Your other points have been ably answered already, so I thought I'd pick up on this one.
the principle of aiki? That, for me is the heart of the question, and that's what I've spent >20 years trying to understand. I suggest to you that it is a legitimate inquiry--that reasonable people can have different views, and it's not an insult to anyone's teacher to explore different ideas.
Your definition of aiki is widely shared and up to 10 years ago I would have agreed with it. Timing, body positioning, blending: over-simplifying a bit, all adding up to getting out of the way--and then using uke's over-committed attack to lead them in a direction they are already weak.
Which is all very well, but what if uke doesn't over-commit? What if uke has actual training and delivers a fast follow-up attack?
When I joined Gleason Sensei's dojo I found that he and just about all the other ASU teachers I met had a very different idea of aiki. The aikido I've found in the ASU focused much more on immediate connection and immediate kuzushi, and I was taught to look for those principles in every technique. So even in a movement like tsuki irimi-nage, where the initial irimi movement doesn't require touching uke at all, as soon as the touch happens there should be connection and uke should be off-balanced.
Frankly, the things you keep emphasizing in your posts don't seem to me to reflect the aikido I've found in the ASU. Yeah, body positioning matters--because it puts you in a place where you can connect and take kuzushi. Same with timing and blending. But what knocked my socks off 10 years ago wasn't the elements you list but how they're used to create connection.
These days, most of the people I work with are involved in the IP/IS work, and that introduces a new idea of aiki--that you create aiki in yourself and then use that to control uke. I've found these ideas to be continuous with the approach that already existed in the ASU and that teachers like Ikeda are still pursuing. The IP/IS idea of aiki adds stability and centeredness before the attack and provides a vocabulary and set of concepts for what it means to "take center", "connect", or "take balance"--concepts which are embodied as physical skills and which can be trained with specific exercises.
Note that Endo Sensei seems to be talking along these same lines in the video linked to in the "stance of heaven and earth" thread.

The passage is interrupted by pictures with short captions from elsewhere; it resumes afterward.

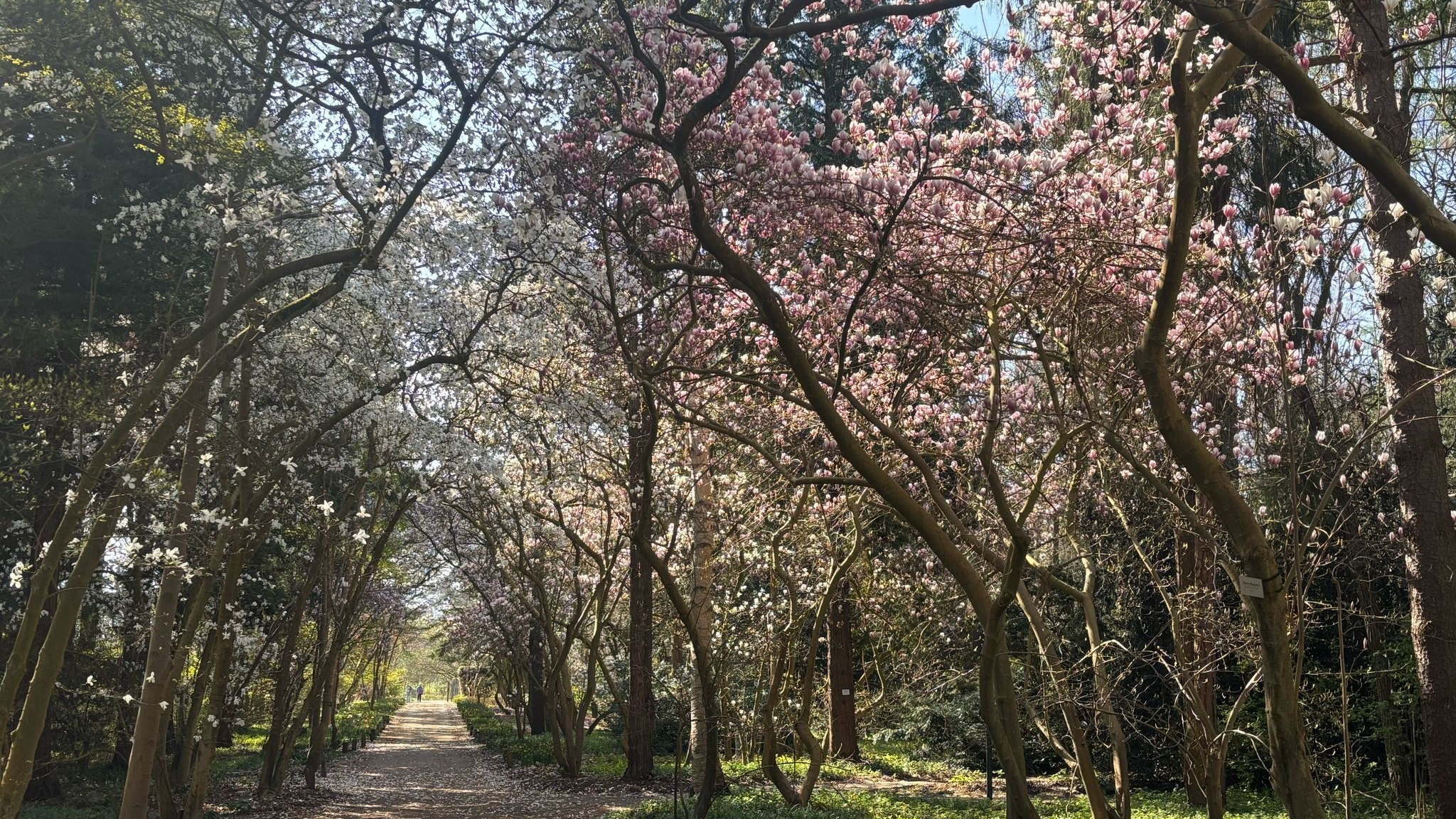 Ein Durchgang zwischen Mangolien
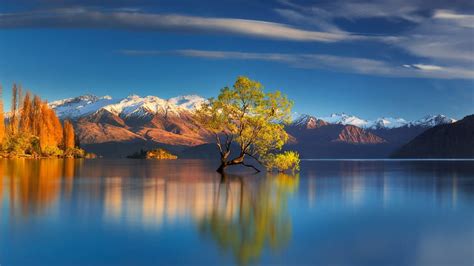 Lago Wanaka Nueva Zelanda árbol Solitario árbol Solitario Lago
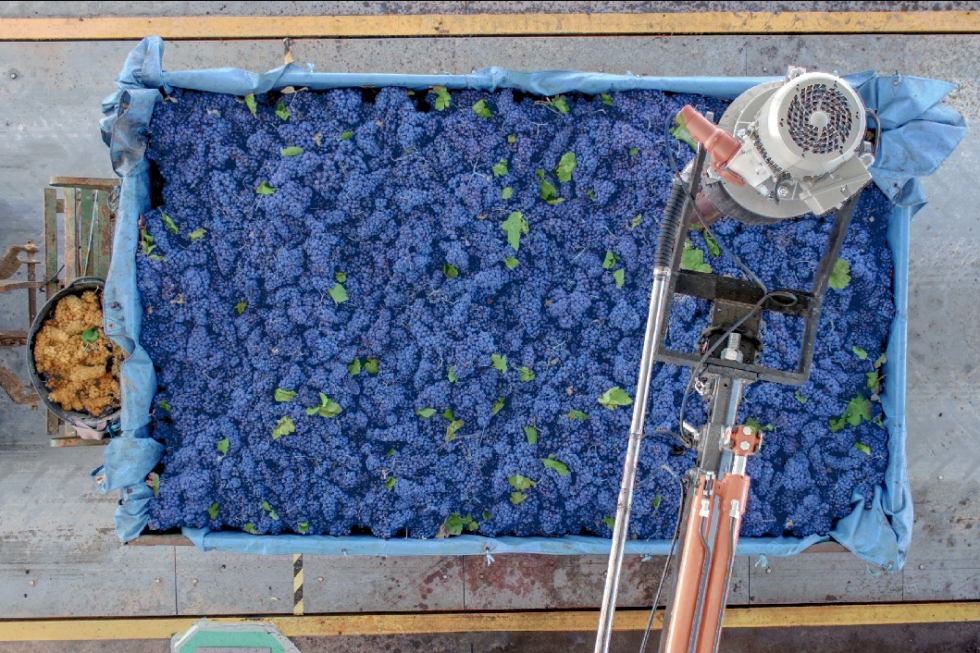 Foto de Existe una tecnologa perfecta para analizar la calidad de la uva? S, la visin artificial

I talks about not bracing yourself or being "on your guard", but standing centered in a stance that "connects heaven and earth."
You've picked up the idea that IP/IS stuff is static, but that's nonsense--the whole point is to move dynamically while maintaining your center and controlling uke's. There is practice that starts from a static position, but that's practice--no more "realistic" than kokyu-ho.

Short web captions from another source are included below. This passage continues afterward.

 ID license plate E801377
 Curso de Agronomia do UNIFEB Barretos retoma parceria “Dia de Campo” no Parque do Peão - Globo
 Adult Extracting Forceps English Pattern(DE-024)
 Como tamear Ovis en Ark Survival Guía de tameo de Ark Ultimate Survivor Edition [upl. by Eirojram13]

Finally, on the subject of the big cooperative throws, which seems to be a hot button with you-- People I respect highly don't believe in them, but I'm not there yet. I see a lot of value in them, especially as a training tool early on. You've seen it: people arrive at the dojo falling over their own feet, moving like stick men--and within 6 months their whole movement and posture is transformed. A lot of that is from ukemi. The flexible tension you need to deal with the mat is the same as you need to have connection with your partner.

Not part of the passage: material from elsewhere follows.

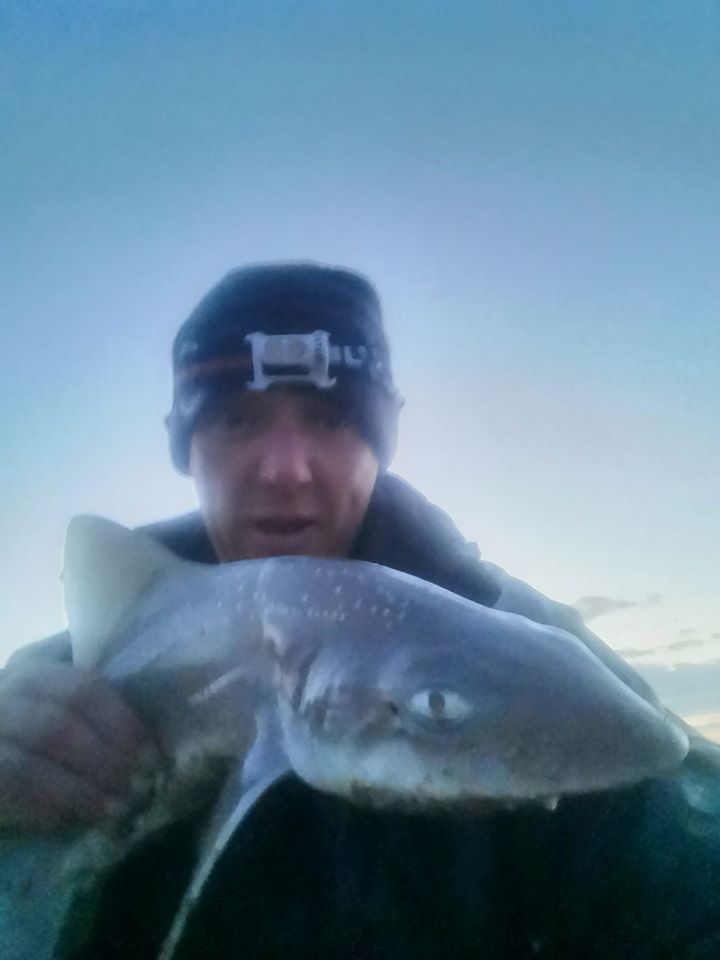 Our Federation recorder Barry Platt with a nice north coast smoothhound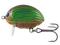 Wobler Salmo LIL'BUG GREEN BUG 2.5cm/2.8g flo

Large, fast attacks are useful for learning timing and body positioning (which are
important--just not the whole story). What's more, they're wonderful for learning to apply the IS/IP principles under pressure. But they're also a training tool, and they're only going to take you so far. You should expect that as you get better and as the attacks get more realistic, nage's movements are going to become smaller and more direct. If you remain wedded to big movement for the sake of big movement you'll always be limited, and you'll never be able to deal with a real, skilled attack.